── Extracted entries

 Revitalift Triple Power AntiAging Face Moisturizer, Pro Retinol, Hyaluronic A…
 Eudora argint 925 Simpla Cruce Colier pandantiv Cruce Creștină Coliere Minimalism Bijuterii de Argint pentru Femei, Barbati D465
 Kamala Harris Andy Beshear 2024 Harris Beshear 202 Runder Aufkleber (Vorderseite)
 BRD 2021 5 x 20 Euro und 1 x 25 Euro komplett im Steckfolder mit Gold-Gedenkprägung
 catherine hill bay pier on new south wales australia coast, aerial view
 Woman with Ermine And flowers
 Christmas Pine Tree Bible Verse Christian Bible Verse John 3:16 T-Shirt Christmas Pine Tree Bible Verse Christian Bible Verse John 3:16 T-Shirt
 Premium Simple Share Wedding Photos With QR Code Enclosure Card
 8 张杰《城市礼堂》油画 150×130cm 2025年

────

■ Exercise objective ■
Your reply should consist of the records, duplicated exactly.

■ Answer to this task ■
 Revitalift Triple Power AntiAging Face Moisturizer, Pro Retinol, Hyaluronic A…
 Eudora argint 925 Simpla Cruce Colier pandantiv Cruce Creștină Coliere Minimalism Bijuterii de Argint pentru Femei, Barbati D465
 Kamala Harris Andy Beshear 2024 Harris Beshear 202 Runder Aufkleber (Vorderseite)
 BRD 2021 5 x 20 Euro und 1 x 25 Euro komplett im Steckfolder mit Gold-Gedenkprägung
 catherine hill bay pier on new south wales australia coast, aerial view
 Woman with Ermine And flowers
 Christmas Pine Tree Bible Verse Christian Bible Verse John 3:16 T-Shirt Christmas Pine Tree Bible Verse Christian Bible Verse John 3:16 T-Shirt
 Premium Simple Share Wedding Photos With QR Code Enclosure Card
 8 张杰《城市礼堂》油画 150×130cm 2025年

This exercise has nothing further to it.